Improving the low-end homes market could help Atlanta
Measuring the health of a given metro's housing market is often more art than science. Because there are so many different factors and facets involved, it can be hard to compare one region's market to another. However, there are some indicators that most experts believe are especially representative. Some of these are obvious, such as selling price and for-sale inventory. Others, however, are a little more subtle.
In Atlanta, for instance, many real estate professionals have been paying especially close attention to the least expensive houses, which were hit particularly hard during the downturn. People looking for houses for sale in Atlanta will likely be happy to hear, then, that in the metro and across the country, prices for low-end housing have been steadily rising.
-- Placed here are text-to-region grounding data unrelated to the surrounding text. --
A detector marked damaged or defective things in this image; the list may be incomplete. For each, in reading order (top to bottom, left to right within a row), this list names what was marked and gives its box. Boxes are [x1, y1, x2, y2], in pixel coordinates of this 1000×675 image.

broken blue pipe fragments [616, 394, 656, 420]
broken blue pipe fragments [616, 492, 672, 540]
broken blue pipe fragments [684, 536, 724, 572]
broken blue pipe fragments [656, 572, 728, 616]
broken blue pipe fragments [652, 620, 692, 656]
It is difficult for metros to recover from the housing collapse without demand picking up for their lower-tier homes.
"The bulk of the recovery is due to the changes in the bottom and middle tiers," said Stan Humphries, a national housing economist for a real estate analytics firm, according to Atlanta Black Star.
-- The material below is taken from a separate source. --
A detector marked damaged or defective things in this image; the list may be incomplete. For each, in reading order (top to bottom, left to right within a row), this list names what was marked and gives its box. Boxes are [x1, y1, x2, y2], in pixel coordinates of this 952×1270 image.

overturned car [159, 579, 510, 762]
For Atlanta, this is particularly important. The region has some of the least expensive homes in the country, with the cutoff for the lowest tier set at $86,000. For a comparison, the same cutoff in San Francisco is $349,000, according to the source.
The recent news that national prices for low-end homes rose 1 percent from June to July, then, could be good news for cities such as Atlanta, where the sale of less expensive homes is expected to buoy the market in general.
This data supports other recently released information about Atlanta's slowly strengthening market. The most recent Standard & Poor's/Case-Shiller index shows that Atlanta home prices increased 2.6 percent between June and July. This news is certainly welcome, considering that the city's homes are still down nearly 10 percent on a year-over-year basis.
Trying to balance Atlanta's housing market gains with its still-incomplete recovery has proven tough for some analysts. A recent article from The Washington Post pointed out that, despite Atlanta's seemingly stubborn refusal to fully recover, there are positive signs mounting on the horizon. According to the source, the number of housing permits issued in the first seven months of 2012 was up 78 percent from the same period in 2011. This optimism on the part of builders - which hasn't yet been reflected in sales numbers - could be one reason why housing prices remain so low in the area. With bottom-tier home prices rising and building speeding up, now might be a good time to consider buying one of the homes for sale in Atlanta.